If HMRC are requesting information which relates to a period that pre-dates this, then they will need to be able to demonstrate that they have a reasonable position to raise an assessment. In most cases, this would be to demonstrate the suggestion of careless or deliberate behaviour.
This point has been considered in various cases.
In the case before the FTT of The Barty Party Company Limited v HMRC [TC06116], the taxpayer successfully appealed the notice on this ground, in relation to an ongoing VAT enquiry.
In the decision, at paragraph 64 the tribunal judge stated:
Our view is that if HMRC wish to ask for information which goes beyond the four year enquiry window, they need to give a reason why, which we would expect to be that there is some suggestion of deliberate error on the part of the taxpayer. No such suggestion was made in this case.
The above ruling is for VAT, so does not make a distinction for careless behaviour. However, the understanding to be drawn from that decision, is that where the information requested relates to a period beyond that for which HMRC could issue an assessment, it is not reasonably required to check the taxpayer’s tax position.
This was also considered in the case of Hackmey v HMRC [TC08487], where in the decision the judge commented at paragraph 43:
It must then follow that it cannot be reasonable for HMRC to require documents and information that relate to a period for which HMRC are out of time to raise assessments.
If HMRC do not have a reasonable belief that they could raise an assessment, then the requests for information from this period would not be reasonably required.
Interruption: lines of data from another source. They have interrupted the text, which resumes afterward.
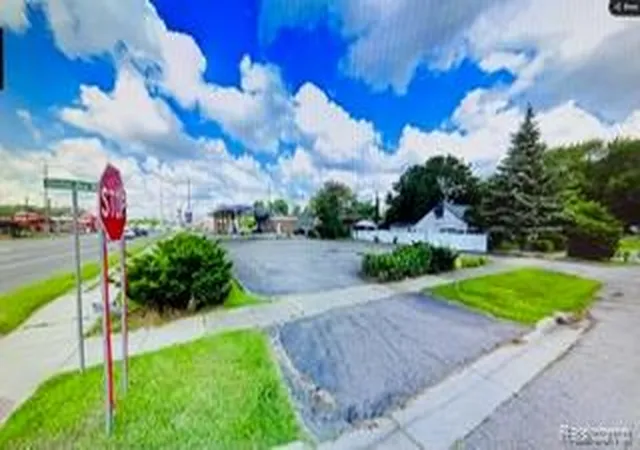 1st image of Commercial Vaca Ford Road, Westland, MI 48185 | MLS# 60963305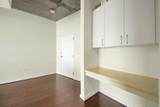 361 17th Street - Photo 16
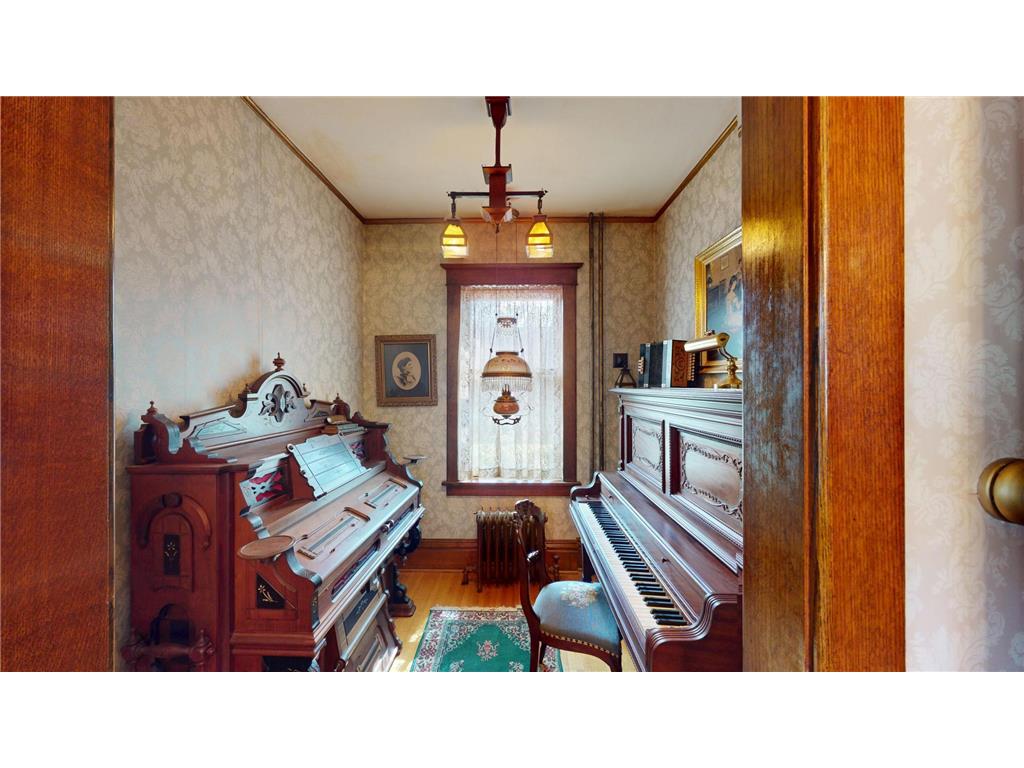 311 Fountain Street Albert Lea MN 56007 6779020 image8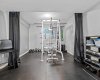 10619 Oakmoor Way, Calgary, Alberta T2W 1S7, 4 Bedrooms Bedrooms, ,2 BathroomsBathrooms,Residential,For Sale,Oakmoor,A2329198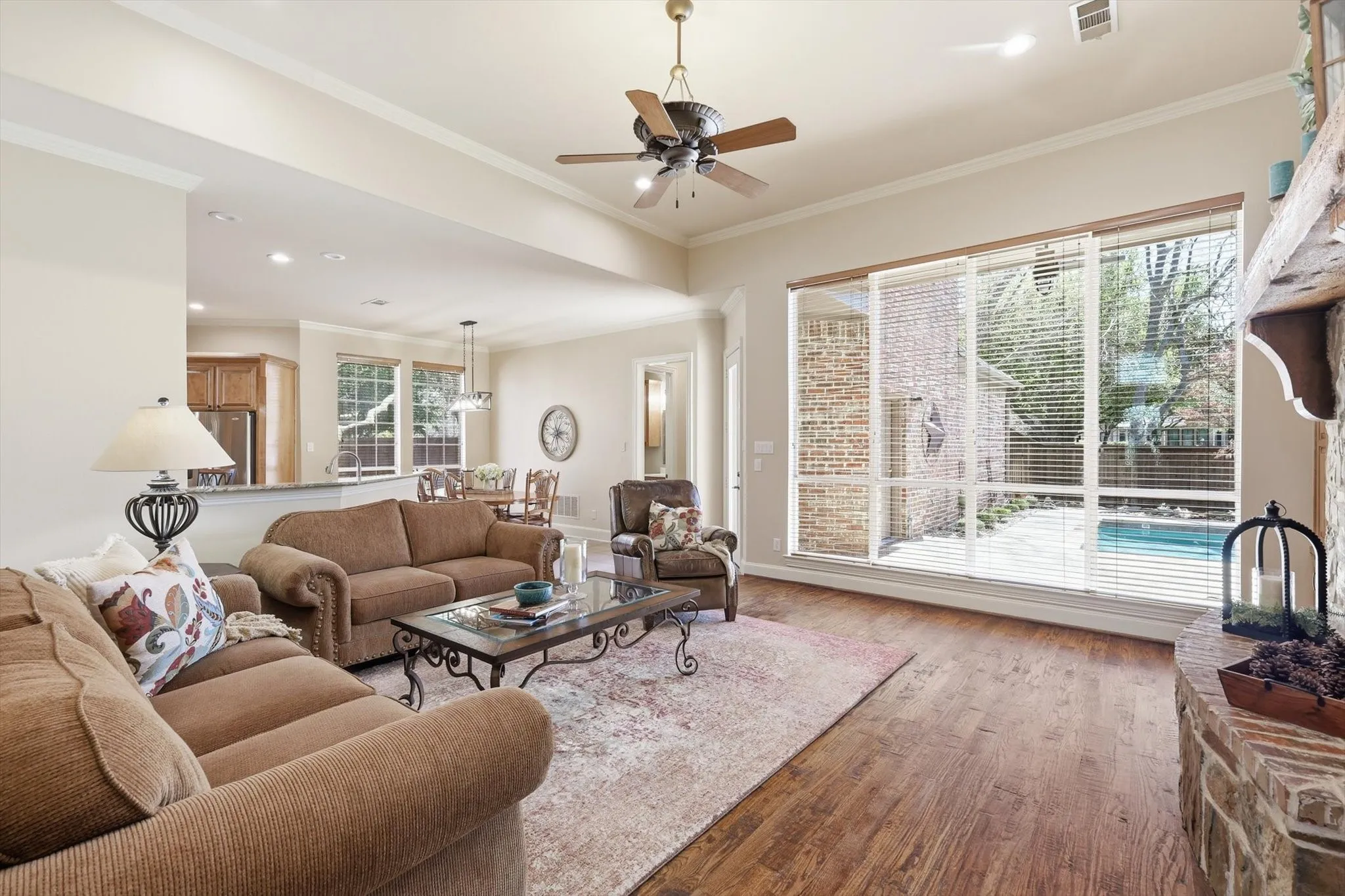 Single Family Residence For Sale in Denton County , 4629 Manor Way, Flower Mound, Texas 75028, 5 Bedroom, 5 Bathroom, 3 Garage spaces, 4,599 Sqft, built in 2000, mls#21351027, Real Estate Agent in Flower Mound, Homes For Sale in Denton county, Homes For Sale in Flower Mound, Realtor in Flower Mound Texas, Real Estate Brokerage Independent Realty Texas, Luminita Cordes Realtor
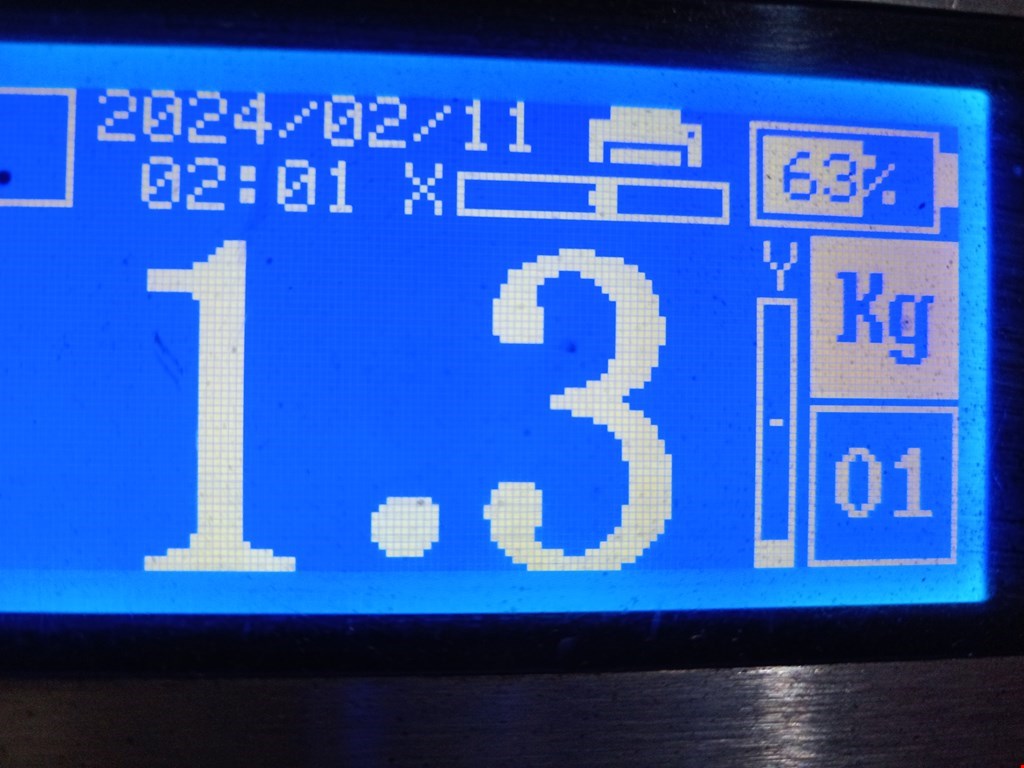 Кронштейн крепления запасного колеса NISSAN Primastar 2001-2014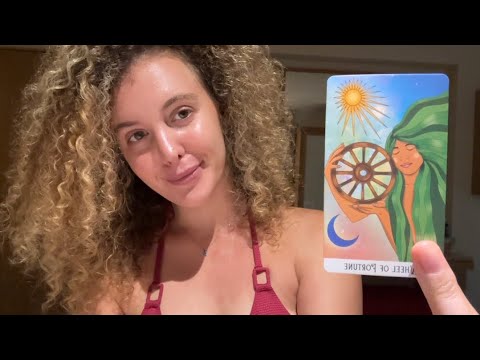 Видео: есть причина, если это видео нашло вас прямо сейчас ✨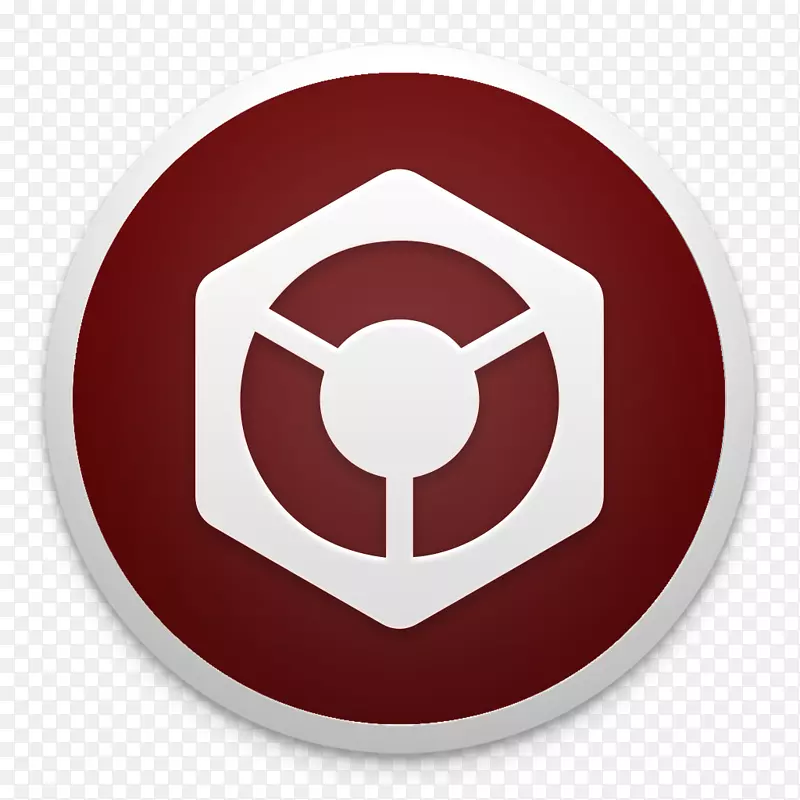 ����dj������ʦdj���������������-android-������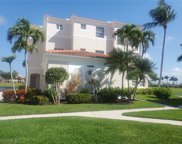14300 Harbour Links Court Unit 14A, Fort Myers image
The one caveat to this would be information from earlier periods may still be reasonably required if it is relevant to a later period where HMRC is not time-barred. A common example of this could be days spent in the UK in earlier years, when considering the Statutory Residence Test.
12. Time limits
When HMRC issues a formal information notice under Schedule 36, they typically allow 30 days for the taxpayer to provide the requested information. For substantial requests, HMRC may grant additional time.
HMRC’s own guidance at Compliance Handbook CH23420 states:
As a general rule of thumb, it might be reasonable to expect that most information or documents could be provided or produced within 30 days from the date of the notice but may need to be longer around a business’s seasonal peaks.
However, recently, we have seen more instances where HMRC sets deadlines of less than 30 days, often following the VAT enquiry model of 21 days.
The appeal window for a Schedule 36 information notice is 30 days from the date of the notice, and with the new approach from HMRC, this leads to the unusual scenario where a taxpayer could miss the deadline for complying with a notice, and therefore be liable to an initial penalty, for a notice which is not finalised and can still be validly appealed.

What is interesting is that the legislation does not prescribe a statutory minimum response time. It simply requires that HMRC allow a reasonable period for compliance.
Historically, the 30-day deadline was common practice, and considering the appeal window, one might also argue common sense.
On receipt of a notice, check both the compliance deadline and the appeal deadline immediately. If the response period is short, consider whether a reasonable extension should be requested.
13. Summary and practical points
It is important to consider both informal and formal information requests from HMRC carefully.
HMRC are entitled to know the full facts relating to a person’s tax position, and on this basis, there is a substantial amount of information that they are entitled to request. However, this does not mean that a taxpayer should automatically provide every item included on a Schedule 36 Information Notice.
Each item on the notice should be considered on its own merits, as to whether it is a reasonable request, and the extent of the notice should also be considered in line with the time provided by HMRC to comply.
Whilst the penalties for non-compliance may appear small at first glance, these can grow and can also have a knock-on impact on other aspects of an enquiry, in particular with possible behaviour discussions and future information requests.